When coding, my 3 main rules are:
1. Ensure consistency – indentation and formatting consistency enables faster visual inspection of large files to identify the problematic section of code.
2. Add comments where needed – at the start, explain what you’re trying to achieve; for complex logic, give information that might help the unfamiliar reader; and at each join, summarise the attributes you need from the joined table.
3. Minimise – try to produce the least amount of code that will achieve the objective – the less code written means there is less chance of there being a bug in your code. For example, if you have a query that joins to a table multiple times, a better approach might be to create a sub-select for that table with a group by on the table identifier. I’ve often used this approach to reduce the lines of code in my scripts, with the added benefit of improved query performance.
Development Tool Selection
Finding the best development tool that works for you and your database platform is really important for productivity. I developed databases on Teradata for over 10 years and used Teradata SQL Assistant, mainly due to its syntax highlighting and more importantly, the inbuilt query history, which was a big benefit. I had years of query history stored and readily available to assist colleagues when they needed advice on using a table when I’d worked with it in the past.
I’ve been using Azure and AWS cloud databases as well as Snowflake for many years now, and my current development tool of choice is Microsoft Visual Studio Code. It’s a real pleasure to use VS Code when working with Azure databases as Microsoft’s SQL Server extension has excellent intelli-sense and ‘as-you-type’ error detection, which greatly increases debugging efficiency.

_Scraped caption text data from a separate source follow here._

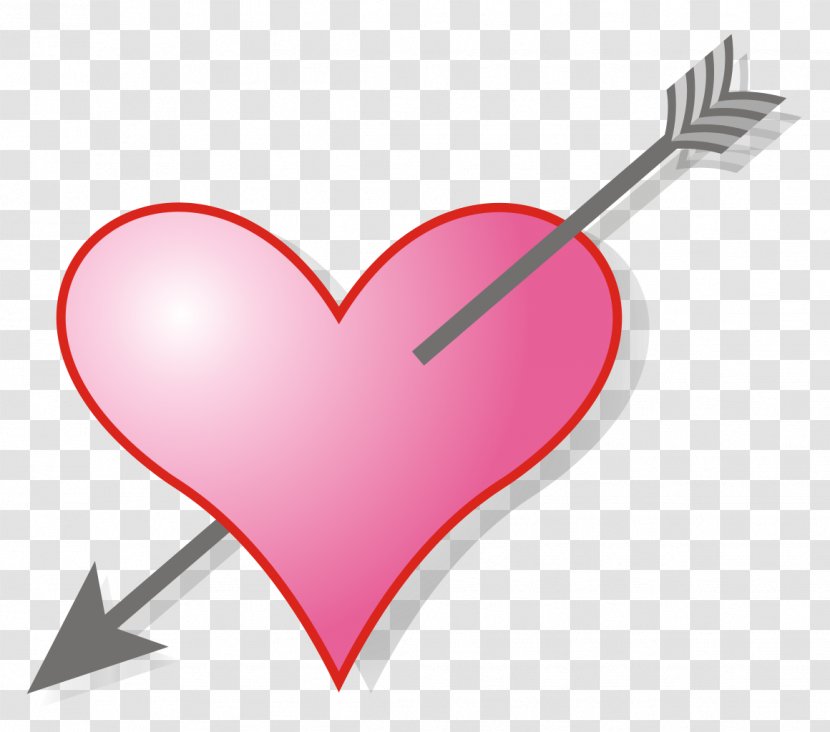 Heart Lovesickness Symbol Arrow - Tree - Broken Transparent PNG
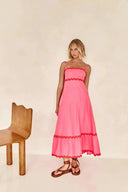 All-Season Wave Backless Dress for Women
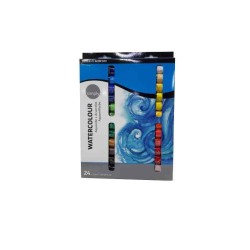 10179-SET ACUARELAS 24X 12ML SIMPLY DALER ROWNEY D134500124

Snowflake’s vendor-provided VS Code extension is also quite good, enabling seamless log-in and query history, but as of mid-2024, it doesn’t have ‘as-you-type’ error detection functionality, so it’s a lot more important to format your code cleanly in order to debug the syntax errors that occur. In addition, Snowflake’s syntax errors (again as of mid-2024 so this may improve in future) are quite often really unhelpful, and when working with huge Stored Procedures, I can’t impress enough how important it is to have well-structured code.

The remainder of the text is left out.